そうした私でも、文政権下の韓国は流石に自己中心過ぎると思ってしまいます。徴用工問題、レーダー照射問題、今回の輸出規制問題は分けて考えないといけないことは理屈では分かります(徴用工問題の意趣返しに輸出規制を行うとした途端、WTOで即負けてしまうことは十分理解します)。ただ、一方で徴用工問題での協議に応じようとせず、他方で輸出規制での協議を求めてくるのは、心情として受け付けにくいのが正直なところです。

輸出規制については、韓国側が粛々と体制を整え、日本からの輸出が徐々に再開するようになれば、少し鎮静化するのかもしれません。また、徴用工の協議と輸出規制の協議を同時並行的に(形式的には相互をリンクさせず、偶然同時にふたつの協議が行われるような形で)行えないものかと、笑われてしまうようなことを考えてしまいます。他方、自分が韓国政府の人間であれば、日本が最も嫌がるであろうこと、例えば文大統領の竹島訪問など考えてしまうかもしれません。そうしたエスカレーション合戦にならないことを最低限祈ります。
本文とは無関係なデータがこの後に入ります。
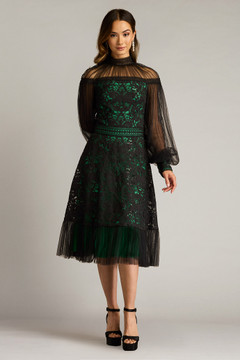 Laser Cut Embroidered Tulle Dress Laser Cut Embroidered Tulle Dress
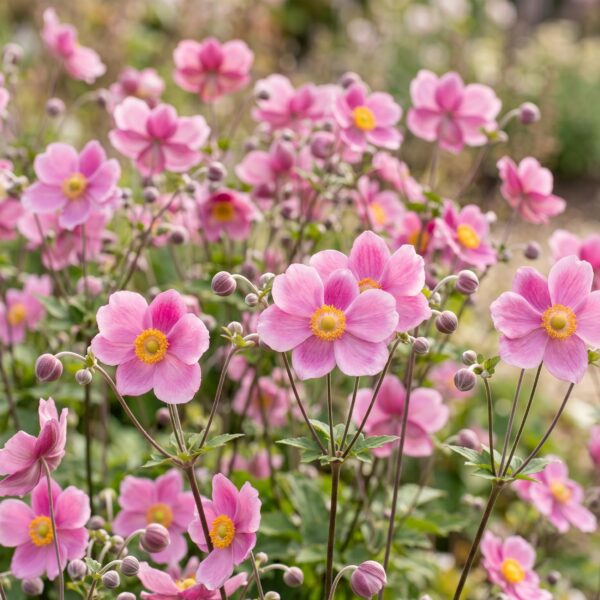 Anemone hup. Splendens - Herfst Anemoon - Schaduw - Donker Roze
このことと、表現の不自由展中止問題は、別な話しと思います。主催者がKYであったことは否定しません。少女像とのカウンターバランスになる何らかの展示(韓国人が見たら憤り、韓国では展示が許されないようなものを少女像と並べるような展示)を同時に行うなど、工夫もあったかもしれません。しかし、「ガソリン携行缶」の脅迫は決して許すべきでありません。表現の自由の観点はもとより、京都アニメーション事件で亡くなられた方やそのご遺族・友人の方々にとり、余りにひどい行いではないでしょうか。

次回は(余程の事件が無い限り)9月2日(月)に。円高問題に挑戦しようと思います。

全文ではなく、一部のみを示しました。